While the Janjaweed militias’ reign of terror has relied on plunder, rape and bullets that have been all too real, too often the international community has responded by firing blanks — a litany of endless failed initiatives, lapsed deadlines, and security council resolutions that have not been implemented.

Last month yet another agreement was made with the Government of Sudan. The Addis Ababa talks were just the latest version of “peace in our time” with the UN Secretary general sounding like a pale imitation of Neville Chamberlain.

Within days of the new agreement the Sudanese Foreign Minister Liam Akol was denying reports that they had agreed to UN command of the hybrid (African Union and United Nations) force. Instead, he said that the operations on the ground would be run by the AU with merely the assistance of the UN in command and control structures.

At Addis Ababa it was stated that the Sudanese would no longer insist that only African troops would be allowed to serve in the peacekeeping force. Within days Sudanese officials were saying the opposite.

The president, Omar al-Bashir, was quoted as saying that the forces “will be commanded by the AU and its troops would mainly come from African countries”. He added that “only technical and civilian personnel could be sent by non-African countries to join the peace keeping force”.

If Khartoum insists that African troops make up all except the advisory positions in the force then they are basically ruling out a force altogether because there simply aren’t enough suitable African forces available - and they know that.

China, Pakistan and India have expressed interest in contributing troops to the hybrid force, as has Denmark and the Netherlands. Unless these offers are taken up, there is little chance of the hybrid force being deployed to its full capacity and carrying out its mission effectively. Khartoum will use this to under mine the force.

Worst of all, the force is not expected to be sent until next year and in the meantime the Sudanese government is given a free hand to pursue its military campaign in Darfur.
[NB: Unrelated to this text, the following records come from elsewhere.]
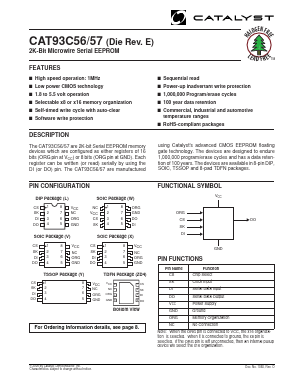 CAT93C56WET3 Datasheet PDF Catalyst Semiconductor => Onsemi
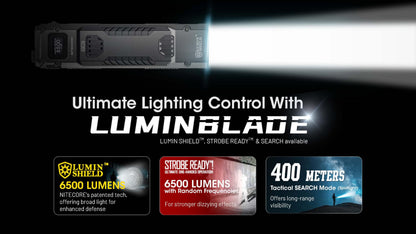 Nitecore EDC29 EDC Tactical Flashlight, 6500 Lumen USB-C Rechargeable Slim Flat Shape with Spotlight Floodlight Strobe Modes Digital Display Sticker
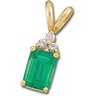 Chatham Created Emerald and Diamond Pendant 7 x 5mm Ref 435697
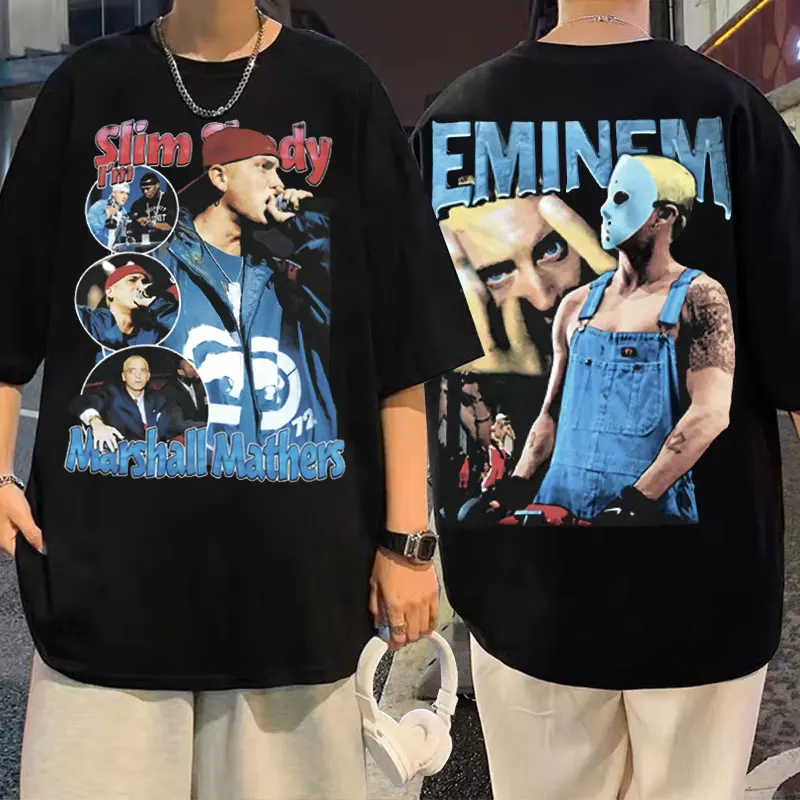 

Rap Slim Shady I'm Marshall Mathers Eminem Anger Management Tour Graphic T Shirt Men Hip Hop Tee Cool Men's Oversized T-shirts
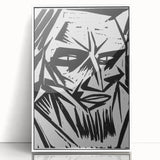 Expressionist Modern Art: Bold Black and White Portrait by Otto Lange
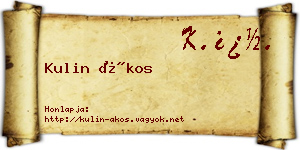 Kulin Ákos névjegykártya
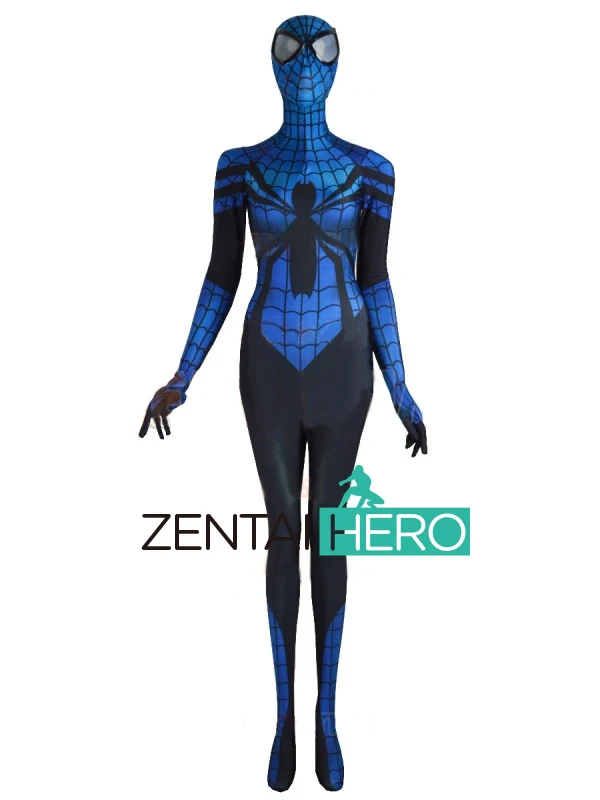 Free Shipping DHL NEW Sensational Spider Costume 3D Printing Blue Female Spider man Costume 2017 Fancy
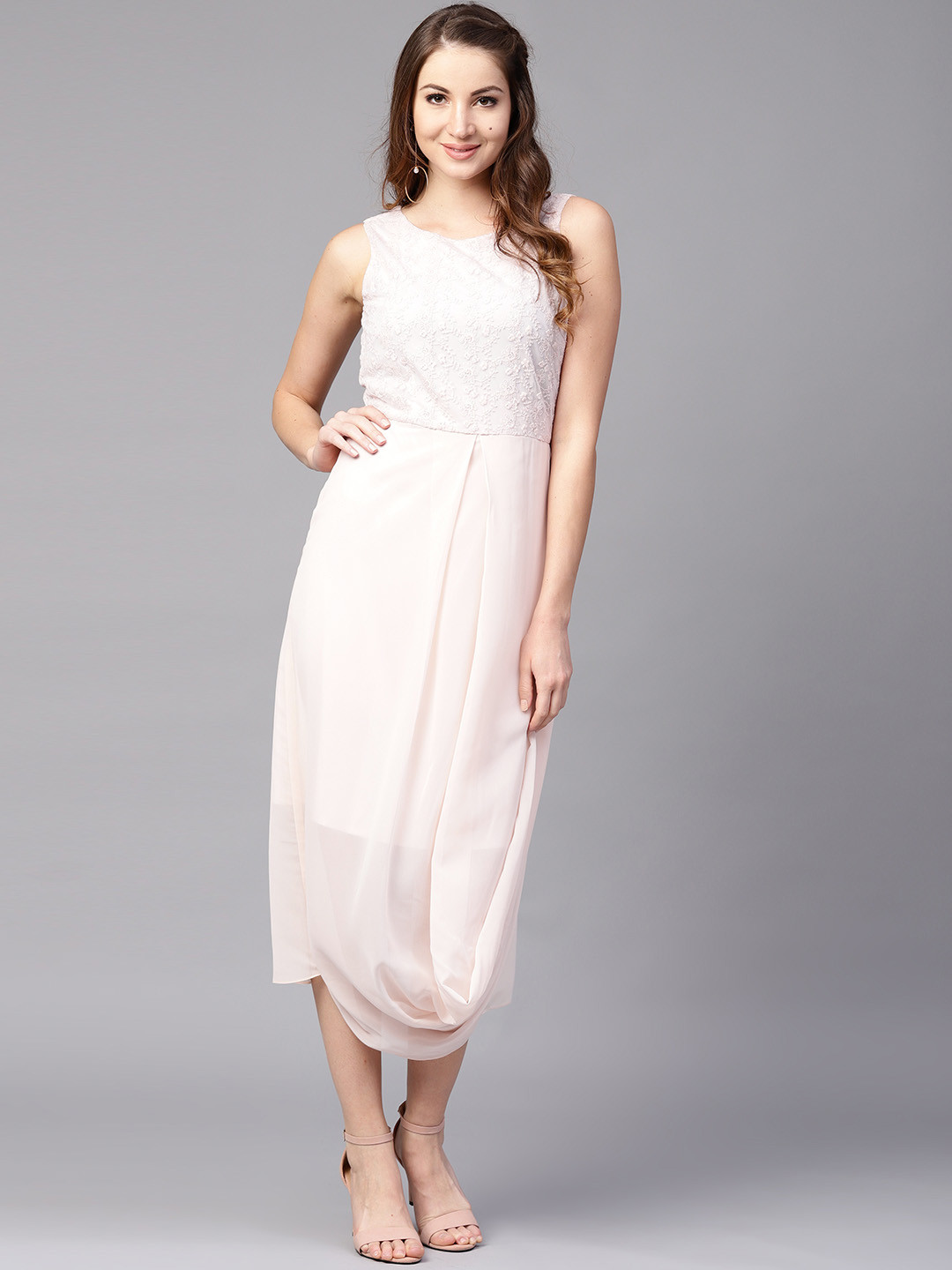 

Athena Women Peach-Coloured Embroidered Midi A-Line Dress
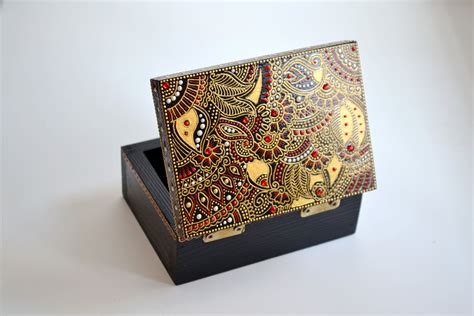 Personalized Wooden Jewelry Box Henna Art Box Hand Painted Hand
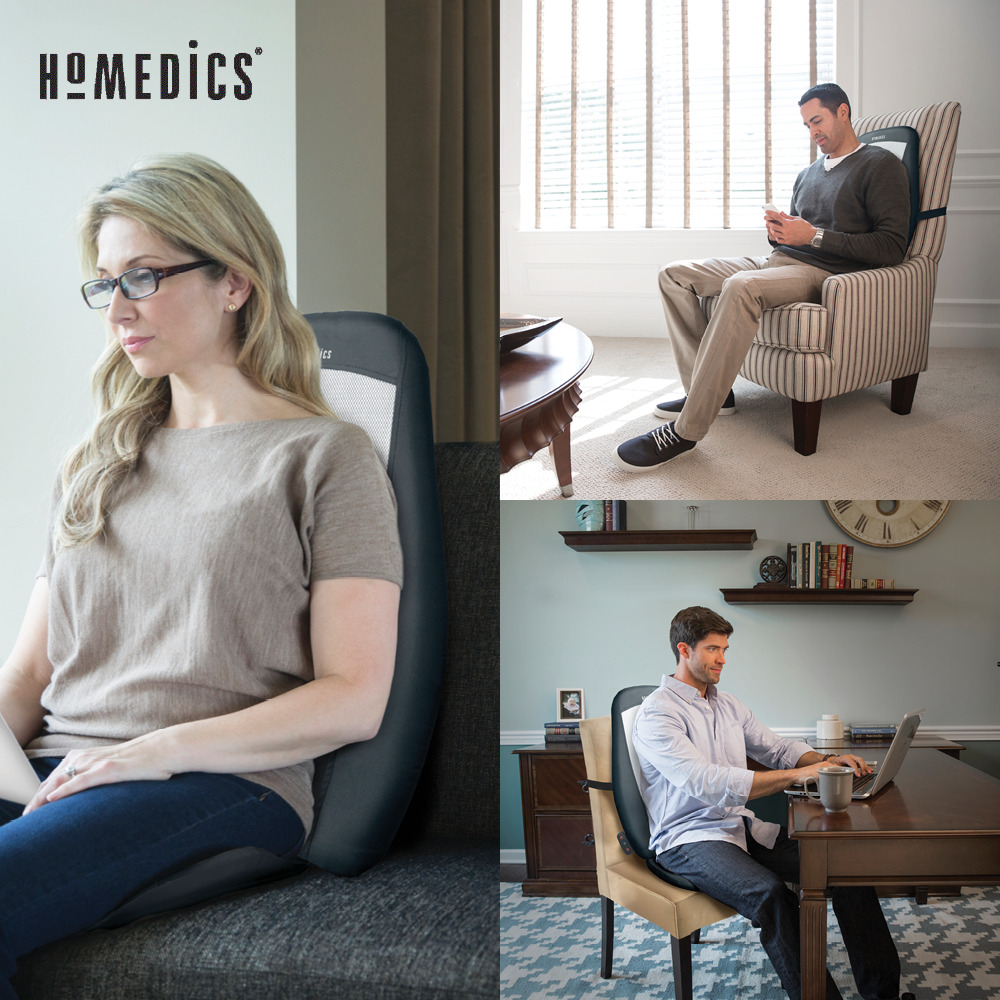 Voir la diapositive 5 : HOMEDICS Siège de massage HMSBM195H - Gris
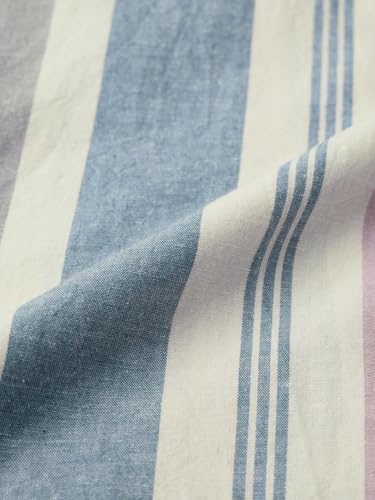 The Souled Store Cotton Linen Stripes: Marine Men and Boys Long Sleeves Collared Neck Button Front Regular Fit Lightweight Breathable Casual Cotton Linen Shirts Cream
They are laughing at the international community’s impotence just as they have laughed at our failure to impose effective sanctions or to enforce an arms embargo.

Throughout the four years of genocide, Khartoum has backtracked on its agreements and played deadline diplomacy.

Under the cover of the prevarication and procrastination the slaughter and the horror has simply got worse.

While we have been looking the other way, there have been 300,000 new internally displaced people in the past six months alone. The humanitarian situation remains appalling and it has had a domino effect into neighbouring countries like Chad and the Central African Republic. The crisis in Chad will deepen as more people flee Darfur.

And they have continued cause to flee Darfur. Following a recent four-day visit to Gereida in South Darfur, the United Nations Mission in Sudan (UNMIS) deplored the worsening of the security situation in the town. In particular, the UNMIS team found that Janjaweed attacks outside towns were ongoing and women were still subject to rape and harassment.

As a result of this deteriorating situation, Oxfam announced that it was withdrawing permanently from Gereida. In a co-ordinated attack on three aid agency bases in Gereida, an aid worker was raped, an Oxfani staff member badly beaten and others subjected to mock executions.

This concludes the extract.